THE DATA: Begin

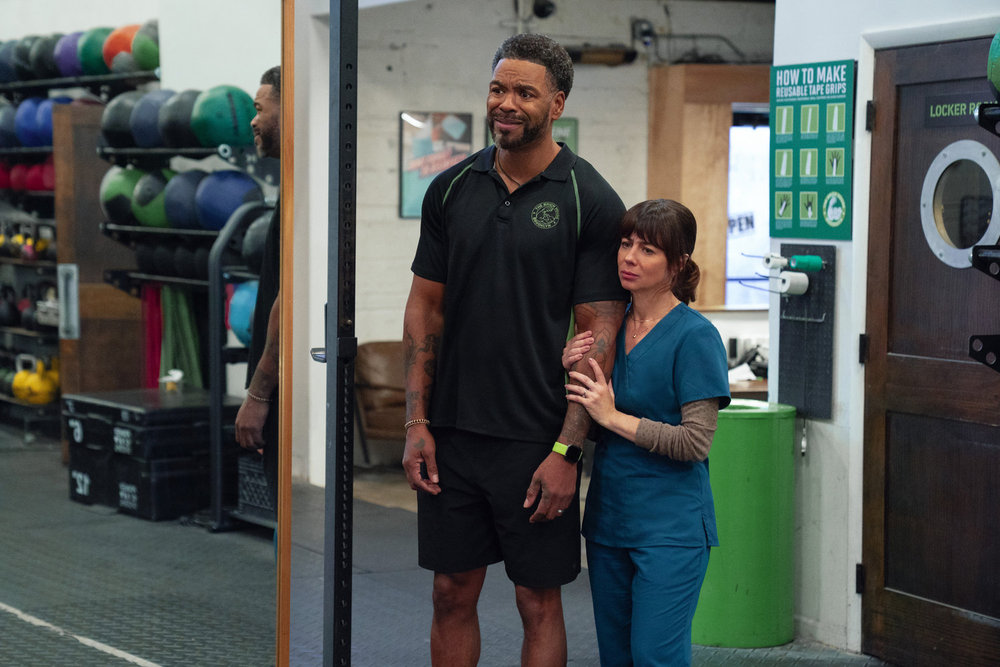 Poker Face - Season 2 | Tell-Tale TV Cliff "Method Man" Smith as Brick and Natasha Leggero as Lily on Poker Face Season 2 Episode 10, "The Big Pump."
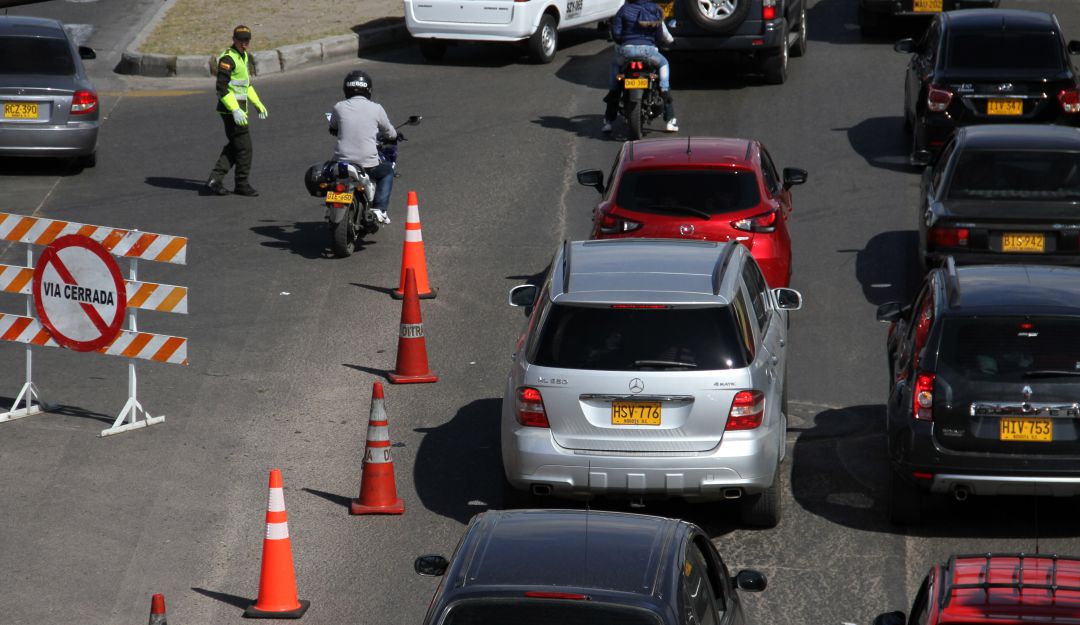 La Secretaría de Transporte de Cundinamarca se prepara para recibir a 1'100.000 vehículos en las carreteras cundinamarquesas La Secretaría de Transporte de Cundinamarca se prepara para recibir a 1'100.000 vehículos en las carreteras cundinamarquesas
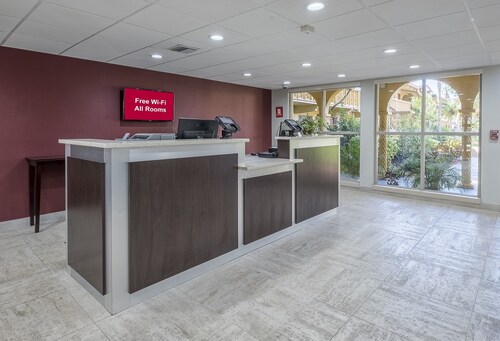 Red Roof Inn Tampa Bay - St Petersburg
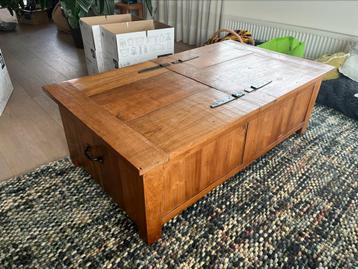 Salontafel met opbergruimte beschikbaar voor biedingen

THE DATA: End

**ACTION ITEM:** Repeat the lines above exactly, and keep every picture out.

**TASK SOLUTION:**
 Poker Face - Season 2 | Tell-Tale TV Cliff "Method Man" Smith as Brick and Natasha Leggero as Lily on Poker Face Season 2 Episode 10, "The Big Pump."
 La Secretaría de Transporte de Cundinamarca se prepara para recibir a 1'100.000 vehículos en las carreteras cundinamarquesas La Secretaría de Transporte de Cundinamarca se prepara para recibir a 1'100.000 vehículos en las carreteras cundinamarquesas
 Red Roof Inn Tampa Bay - St Petersburg
 Salontafel met opbergruimte beschikbaar voor biedingen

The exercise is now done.